EXERCISE AIM
Transcribe exactly everything in the data below from the line containing "Milla online show from 18, 5, 2026" down to the line containing "bill cosby and andrea constand getty 1", both lines included and nothing further.

RECORDS FOR PROCESSING

******************************

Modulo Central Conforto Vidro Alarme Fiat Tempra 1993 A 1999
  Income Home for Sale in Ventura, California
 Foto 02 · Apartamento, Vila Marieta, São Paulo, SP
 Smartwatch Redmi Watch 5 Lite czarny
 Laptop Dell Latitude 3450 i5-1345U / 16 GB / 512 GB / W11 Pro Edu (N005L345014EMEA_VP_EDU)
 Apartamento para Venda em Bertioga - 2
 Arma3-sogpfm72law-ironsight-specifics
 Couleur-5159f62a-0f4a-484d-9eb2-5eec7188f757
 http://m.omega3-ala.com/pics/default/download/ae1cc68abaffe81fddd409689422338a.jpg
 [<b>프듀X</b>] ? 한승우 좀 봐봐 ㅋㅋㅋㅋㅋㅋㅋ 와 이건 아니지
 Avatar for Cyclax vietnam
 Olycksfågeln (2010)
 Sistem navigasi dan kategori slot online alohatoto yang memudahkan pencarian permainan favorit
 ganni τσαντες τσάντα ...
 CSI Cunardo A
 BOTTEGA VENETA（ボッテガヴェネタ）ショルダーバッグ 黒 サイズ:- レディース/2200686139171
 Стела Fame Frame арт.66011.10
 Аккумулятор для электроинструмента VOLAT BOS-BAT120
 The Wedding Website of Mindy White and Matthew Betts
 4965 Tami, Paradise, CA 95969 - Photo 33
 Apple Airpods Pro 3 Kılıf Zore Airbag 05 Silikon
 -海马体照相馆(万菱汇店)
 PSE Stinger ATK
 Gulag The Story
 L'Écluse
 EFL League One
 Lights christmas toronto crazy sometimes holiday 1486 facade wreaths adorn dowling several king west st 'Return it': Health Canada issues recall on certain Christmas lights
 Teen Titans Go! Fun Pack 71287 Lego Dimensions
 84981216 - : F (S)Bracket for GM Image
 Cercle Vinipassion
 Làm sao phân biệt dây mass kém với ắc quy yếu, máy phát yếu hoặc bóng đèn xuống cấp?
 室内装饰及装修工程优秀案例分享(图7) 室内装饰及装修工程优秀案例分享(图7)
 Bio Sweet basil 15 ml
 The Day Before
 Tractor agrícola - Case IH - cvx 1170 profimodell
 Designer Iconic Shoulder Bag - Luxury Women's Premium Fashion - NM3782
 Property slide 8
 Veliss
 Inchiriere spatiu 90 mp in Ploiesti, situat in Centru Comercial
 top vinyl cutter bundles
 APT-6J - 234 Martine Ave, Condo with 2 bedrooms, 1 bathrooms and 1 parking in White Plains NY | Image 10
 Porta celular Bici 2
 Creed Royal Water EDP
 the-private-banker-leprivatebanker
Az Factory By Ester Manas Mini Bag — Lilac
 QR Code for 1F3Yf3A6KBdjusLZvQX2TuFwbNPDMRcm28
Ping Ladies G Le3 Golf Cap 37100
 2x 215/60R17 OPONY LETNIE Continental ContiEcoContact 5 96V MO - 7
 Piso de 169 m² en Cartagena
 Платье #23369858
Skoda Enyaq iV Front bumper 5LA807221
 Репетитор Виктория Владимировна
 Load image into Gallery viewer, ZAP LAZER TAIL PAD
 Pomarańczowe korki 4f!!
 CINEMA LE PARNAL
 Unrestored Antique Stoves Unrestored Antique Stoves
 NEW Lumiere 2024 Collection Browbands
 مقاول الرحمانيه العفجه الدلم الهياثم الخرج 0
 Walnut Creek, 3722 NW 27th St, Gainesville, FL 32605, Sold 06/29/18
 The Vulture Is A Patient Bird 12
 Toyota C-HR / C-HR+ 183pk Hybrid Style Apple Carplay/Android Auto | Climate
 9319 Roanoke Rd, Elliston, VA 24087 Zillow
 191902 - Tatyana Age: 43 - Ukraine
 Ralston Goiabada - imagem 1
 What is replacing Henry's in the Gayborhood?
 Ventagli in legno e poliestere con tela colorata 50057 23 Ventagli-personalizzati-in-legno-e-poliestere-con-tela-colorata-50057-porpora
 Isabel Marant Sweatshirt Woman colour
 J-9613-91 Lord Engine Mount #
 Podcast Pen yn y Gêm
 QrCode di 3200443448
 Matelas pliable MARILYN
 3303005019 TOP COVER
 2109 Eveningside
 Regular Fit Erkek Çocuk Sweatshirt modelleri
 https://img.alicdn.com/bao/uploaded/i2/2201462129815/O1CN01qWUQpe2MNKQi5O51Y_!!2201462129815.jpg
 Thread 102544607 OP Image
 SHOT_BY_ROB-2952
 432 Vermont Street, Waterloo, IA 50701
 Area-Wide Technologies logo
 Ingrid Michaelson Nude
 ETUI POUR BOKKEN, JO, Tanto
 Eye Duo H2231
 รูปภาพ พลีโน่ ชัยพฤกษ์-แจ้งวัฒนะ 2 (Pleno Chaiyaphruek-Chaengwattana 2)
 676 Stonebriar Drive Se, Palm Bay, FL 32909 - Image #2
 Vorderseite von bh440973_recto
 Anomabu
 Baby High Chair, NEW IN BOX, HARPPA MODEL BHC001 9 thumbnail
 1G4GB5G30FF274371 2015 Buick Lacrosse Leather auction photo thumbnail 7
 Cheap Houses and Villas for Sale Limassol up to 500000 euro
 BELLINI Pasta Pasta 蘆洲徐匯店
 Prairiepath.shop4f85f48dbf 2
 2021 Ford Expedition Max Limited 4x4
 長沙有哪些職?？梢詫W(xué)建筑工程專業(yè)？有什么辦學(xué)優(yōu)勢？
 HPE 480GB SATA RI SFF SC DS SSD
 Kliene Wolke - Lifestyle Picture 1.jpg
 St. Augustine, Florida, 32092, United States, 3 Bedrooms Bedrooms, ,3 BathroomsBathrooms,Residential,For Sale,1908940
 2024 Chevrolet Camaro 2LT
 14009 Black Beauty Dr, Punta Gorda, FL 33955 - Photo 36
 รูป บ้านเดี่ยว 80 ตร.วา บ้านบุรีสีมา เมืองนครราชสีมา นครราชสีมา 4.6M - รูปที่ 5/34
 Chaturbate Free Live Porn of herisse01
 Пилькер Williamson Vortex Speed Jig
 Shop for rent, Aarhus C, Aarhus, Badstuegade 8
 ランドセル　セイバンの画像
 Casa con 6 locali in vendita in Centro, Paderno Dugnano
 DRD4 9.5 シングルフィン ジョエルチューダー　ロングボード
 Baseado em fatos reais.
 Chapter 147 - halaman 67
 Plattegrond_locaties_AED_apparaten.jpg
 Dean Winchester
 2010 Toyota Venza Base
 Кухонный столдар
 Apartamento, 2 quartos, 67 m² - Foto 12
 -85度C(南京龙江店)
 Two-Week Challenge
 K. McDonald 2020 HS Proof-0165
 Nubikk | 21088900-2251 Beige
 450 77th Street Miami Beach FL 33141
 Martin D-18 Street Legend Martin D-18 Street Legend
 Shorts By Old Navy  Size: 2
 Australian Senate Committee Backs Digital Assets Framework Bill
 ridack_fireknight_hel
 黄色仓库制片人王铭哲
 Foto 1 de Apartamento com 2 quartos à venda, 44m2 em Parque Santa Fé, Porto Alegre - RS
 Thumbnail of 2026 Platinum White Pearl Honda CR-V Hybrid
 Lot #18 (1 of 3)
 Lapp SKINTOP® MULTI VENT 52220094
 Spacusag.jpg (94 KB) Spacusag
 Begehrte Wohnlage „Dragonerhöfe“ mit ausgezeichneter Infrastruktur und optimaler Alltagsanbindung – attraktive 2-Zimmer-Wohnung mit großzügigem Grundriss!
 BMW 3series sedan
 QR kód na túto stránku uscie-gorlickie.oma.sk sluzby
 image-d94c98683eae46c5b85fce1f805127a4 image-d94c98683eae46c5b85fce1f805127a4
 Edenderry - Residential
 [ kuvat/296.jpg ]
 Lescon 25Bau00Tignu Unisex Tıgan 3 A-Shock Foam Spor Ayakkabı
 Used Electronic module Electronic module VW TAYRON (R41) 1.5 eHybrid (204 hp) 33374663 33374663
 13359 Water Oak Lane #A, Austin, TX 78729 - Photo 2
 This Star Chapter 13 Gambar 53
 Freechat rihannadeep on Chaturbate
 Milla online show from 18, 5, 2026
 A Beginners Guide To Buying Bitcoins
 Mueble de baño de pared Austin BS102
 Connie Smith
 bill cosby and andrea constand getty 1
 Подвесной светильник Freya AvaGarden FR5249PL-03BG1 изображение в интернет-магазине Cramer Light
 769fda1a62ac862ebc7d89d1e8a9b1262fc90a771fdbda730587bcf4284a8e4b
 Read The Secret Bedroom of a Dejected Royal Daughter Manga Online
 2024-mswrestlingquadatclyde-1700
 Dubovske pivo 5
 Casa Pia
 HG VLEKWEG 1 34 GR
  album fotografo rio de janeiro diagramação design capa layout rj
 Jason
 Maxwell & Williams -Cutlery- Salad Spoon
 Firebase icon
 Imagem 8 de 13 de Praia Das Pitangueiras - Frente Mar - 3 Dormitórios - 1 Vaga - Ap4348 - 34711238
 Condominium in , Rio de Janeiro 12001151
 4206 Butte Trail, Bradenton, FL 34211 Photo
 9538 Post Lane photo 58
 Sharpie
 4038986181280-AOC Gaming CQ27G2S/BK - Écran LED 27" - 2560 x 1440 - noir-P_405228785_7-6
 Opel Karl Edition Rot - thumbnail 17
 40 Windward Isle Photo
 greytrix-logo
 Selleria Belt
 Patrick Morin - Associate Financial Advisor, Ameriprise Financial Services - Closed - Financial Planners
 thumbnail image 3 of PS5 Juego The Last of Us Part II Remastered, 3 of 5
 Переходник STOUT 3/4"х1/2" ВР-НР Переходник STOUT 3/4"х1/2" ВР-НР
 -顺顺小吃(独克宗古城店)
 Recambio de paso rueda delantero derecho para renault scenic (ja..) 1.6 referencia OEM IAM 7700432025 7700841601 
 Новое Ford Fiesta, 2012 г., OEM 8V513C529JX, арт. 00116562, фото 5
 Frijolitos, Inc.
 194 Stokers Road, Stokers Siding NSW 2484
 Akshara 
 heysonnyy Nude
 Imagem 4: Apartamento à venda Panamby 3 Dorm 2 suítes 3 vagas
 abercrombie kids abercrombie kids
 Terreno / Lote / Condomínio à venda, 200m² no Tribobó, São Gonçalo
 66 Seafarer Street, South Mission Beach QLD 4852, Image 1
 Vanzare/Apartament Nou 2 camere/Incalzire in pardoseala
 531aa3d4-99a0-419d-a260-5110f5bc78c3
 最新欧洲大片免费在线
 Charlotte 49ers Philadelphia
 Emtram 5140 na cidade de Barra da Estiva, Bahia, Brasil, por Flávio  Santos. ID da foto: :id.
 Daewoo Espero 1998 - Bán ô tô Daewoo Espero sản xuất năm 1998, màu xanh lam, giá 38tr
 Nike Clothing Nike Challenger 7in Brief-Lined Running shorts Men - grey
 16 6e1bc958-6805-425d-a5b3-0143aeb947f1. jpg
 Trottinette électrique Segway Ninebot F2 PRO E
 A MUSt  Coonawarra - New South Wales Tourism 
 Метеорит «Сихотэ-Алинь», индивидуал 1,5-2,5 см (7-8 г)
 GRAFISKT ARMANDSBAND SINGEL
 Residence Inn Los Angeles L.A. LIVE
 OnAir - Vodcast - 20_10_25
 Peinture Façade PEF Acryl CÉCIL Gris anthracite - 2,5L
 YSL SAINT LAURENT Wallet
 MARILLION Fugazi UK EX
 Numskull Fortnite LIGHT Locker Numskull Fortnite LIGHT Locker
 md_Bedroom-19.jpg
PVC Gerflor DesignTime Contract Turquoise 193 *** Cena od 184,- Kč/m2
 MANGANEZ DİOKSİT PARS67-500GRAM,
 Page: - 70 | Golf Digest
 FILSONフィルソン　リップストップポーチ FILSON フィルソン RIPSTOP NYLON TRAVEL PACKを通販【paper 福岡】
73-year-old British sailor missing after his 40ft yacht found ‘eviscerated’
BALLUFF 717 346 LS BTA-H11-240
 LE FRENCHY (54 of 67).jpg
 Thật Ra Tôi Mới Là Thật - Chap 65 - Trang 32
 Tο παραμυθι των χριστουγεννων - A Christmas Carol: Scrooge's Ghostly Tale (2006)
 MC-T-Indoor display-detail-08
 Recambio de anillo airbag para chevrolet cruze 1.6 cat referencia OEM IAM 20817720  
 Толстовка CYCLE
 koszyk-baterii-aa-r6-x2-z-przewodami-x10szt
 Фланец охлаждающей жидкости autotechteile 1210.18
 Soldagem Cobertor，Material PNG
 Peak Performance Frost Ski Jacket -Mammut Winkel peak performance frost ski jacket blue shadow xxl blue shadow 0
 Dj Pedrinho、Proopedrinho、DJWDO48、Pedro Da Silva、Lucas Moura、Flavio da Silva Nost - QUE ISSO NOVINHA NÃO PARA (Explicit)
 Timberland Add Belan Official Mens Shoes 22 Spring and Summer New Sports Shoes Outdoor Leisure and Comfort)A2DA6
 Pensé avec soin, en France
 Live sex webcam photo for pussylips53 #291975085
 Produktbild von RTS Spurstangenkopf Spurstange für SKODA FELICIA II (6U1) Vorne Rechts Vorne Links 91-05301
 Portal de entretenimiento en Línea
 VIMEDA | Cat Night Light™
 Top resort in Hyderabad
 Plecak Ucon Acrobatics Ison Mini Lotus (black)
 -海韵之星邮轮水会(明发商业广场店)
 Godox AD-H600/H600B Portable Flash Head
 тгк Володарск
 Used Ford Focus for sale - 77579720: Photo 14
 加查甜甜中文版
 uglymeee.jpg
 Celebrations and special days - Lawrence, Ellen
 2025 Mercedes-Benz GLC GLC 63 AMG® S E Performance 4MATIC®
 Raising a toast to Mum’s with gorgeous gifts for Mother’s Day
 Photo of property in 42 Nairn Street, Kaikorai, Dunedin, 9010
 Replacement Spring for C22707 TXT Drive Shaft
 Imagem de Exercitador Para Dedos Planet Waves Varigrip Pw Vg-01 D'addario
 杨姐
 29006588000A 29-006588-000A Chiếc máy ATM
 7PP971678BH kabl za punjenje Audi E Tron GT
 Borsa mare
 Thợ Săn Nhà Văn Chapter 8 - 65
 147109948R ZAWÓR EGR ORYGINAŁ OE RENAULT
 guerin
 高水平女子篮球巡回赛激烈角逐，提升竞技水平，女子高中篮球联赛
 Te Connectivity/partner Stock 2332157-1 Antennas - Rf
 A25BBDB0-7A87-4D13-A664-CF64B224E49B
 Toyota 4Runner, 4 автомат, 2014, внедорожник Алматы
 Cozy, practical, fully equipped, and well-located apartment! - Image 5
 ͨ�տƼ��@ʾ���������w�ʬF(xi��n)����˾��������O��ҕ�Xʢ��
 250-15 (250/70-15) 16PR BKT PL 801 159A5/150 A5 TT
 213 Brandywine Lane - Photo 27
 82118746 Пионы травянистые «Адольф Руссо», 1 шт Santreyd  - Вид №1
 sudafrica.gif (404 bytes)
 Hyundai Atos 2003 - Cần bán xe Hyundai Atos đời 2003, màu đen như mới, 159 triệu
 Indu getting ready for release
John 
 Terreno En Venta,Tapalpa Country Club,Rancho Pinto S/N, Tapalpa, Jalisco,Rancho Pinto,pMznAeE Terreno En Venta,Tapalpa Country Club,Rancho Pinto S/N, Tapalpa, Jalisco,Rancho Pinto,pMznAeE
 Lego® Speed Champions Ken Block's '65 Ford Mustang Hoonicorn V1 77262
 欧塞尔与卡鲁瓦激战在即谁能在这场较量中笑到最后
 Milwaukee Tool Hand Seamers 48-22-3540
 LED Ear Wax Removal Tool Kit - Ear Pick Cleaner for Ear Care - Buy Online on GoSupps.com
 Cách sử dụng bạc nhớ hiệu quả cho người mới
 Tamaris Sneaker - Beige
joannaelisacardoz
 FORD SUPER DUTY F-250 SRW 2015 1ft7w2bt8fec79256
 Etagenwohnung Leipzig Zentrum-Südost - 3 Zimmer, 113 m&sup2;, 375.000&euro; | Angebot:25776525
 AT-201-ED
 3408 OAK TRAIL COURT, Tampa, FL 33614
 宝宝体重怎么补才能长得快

******************************

ANSWER AREA
 Milla online show from 18, 5, 2026
 A Beginners Guide To Buying Bitcoins
 Mueble de baño de pared Austin BS102
 Connie Smith
 bill cosby and andrea constand getty 1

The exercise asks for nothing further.